On Social Change and Communication Technology

The real change, to me, is in the advancing availability of communication technology.

Yes, we’ve had communication technology before. When the telegraph was cutting edge, alongside its use for official-sounding business, it was privately re-purposed by whoever had access. One Wild West use was as a sort of an underground gossip network between potential lovers, sometimes with the scheming help of matchmaking relatives. No kidding.

People have a thing about communication and expression. Maybe it’s written in our DNA that we absolutely have to express and connect. That doesn’t say we’re going to do anything about messages that fly back and forth. That’s up to the individual, and on the level of just being able to speak, the individual who speaks has already done enough.

Little voices don’t have to make big change, but isn’t it fascinating when, together, they might show us a climate of possibility?

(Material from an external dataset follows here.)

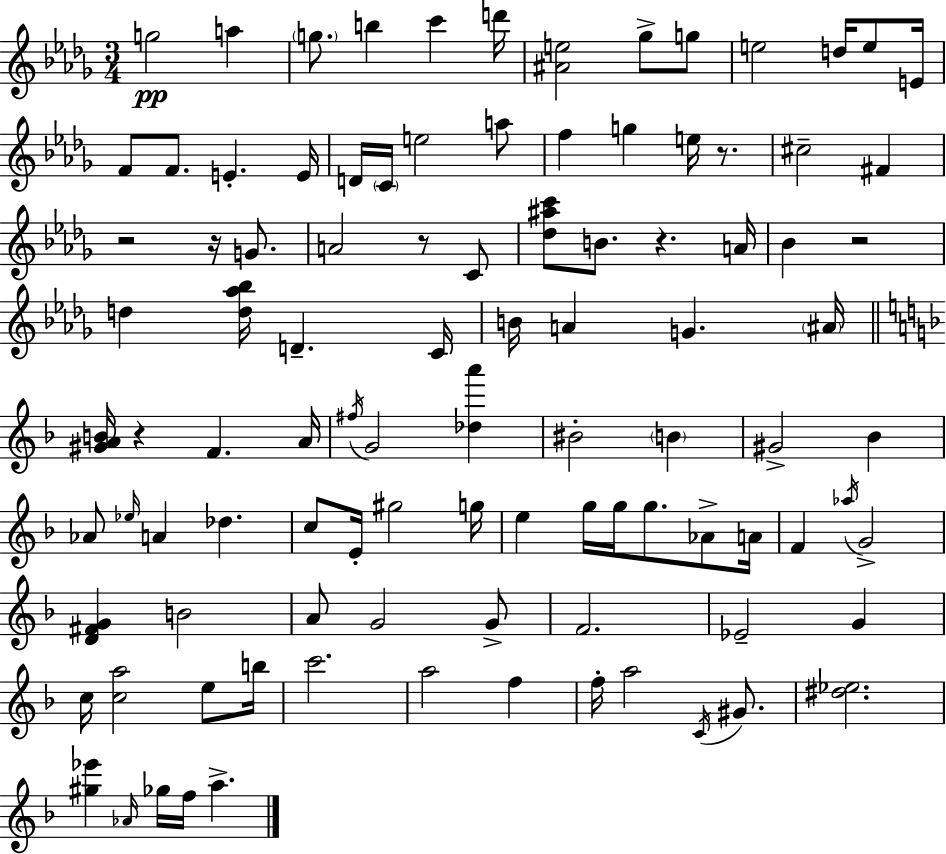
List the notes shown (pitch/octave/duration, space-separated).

I heard that a few years ago, in China at the time of Tiananmen, there was a run on a new-ish technological gizmo known as the FAX machine. Traditional media was tightly controlled or at least closely watched. With a fax, a letter or a picture could go long distances in minutes. Time and date stamps can be cut off of printouts, which gets you an anonymous bit of insurgency to pass on, a business communique, or news from family – dealer’s choice. I suppose that someone clever can clear a machine’s memory. With a fax, sent in this way, along with efficiency there is at once privacy and intimacy.

The FAX itself is an object that did not change anything. The individual faxes may or may not have had any influence on anything. The possibility of the potential was important enough to create motivated buyers, for the right person in the right situation. The same could be said for revolutionary ideas, or even a good hug.

Running water does not create cleanliness.

Twitter won’t make social change.

Potential happens in the mind.

There’s a science fiction story about a bug that was accidentally squashed by time travelers, creating a chain of events that changed the world. This is a romantic and frightening idea. And there’s no doubt that a plan has more of a chance of enabling a goal than bugs that get squished along the way when there is the lack of a plan. But, the idea that I can communicate something worthwhile by stringing together letters using this computer thingy has kept me here at my desk writing this post, and I like that I can do this.

I don’t have to be part of an organized movement on its way to accomplishing change to feel that I have done something good just by being here.


p.s. My @quotesnack Twitter avatar will be green for a while. I won’t pick sides, but I will support the people (and a free media,) in my stubborn inconsequential way, from my position here as a butterfly wing on the face of the Internet.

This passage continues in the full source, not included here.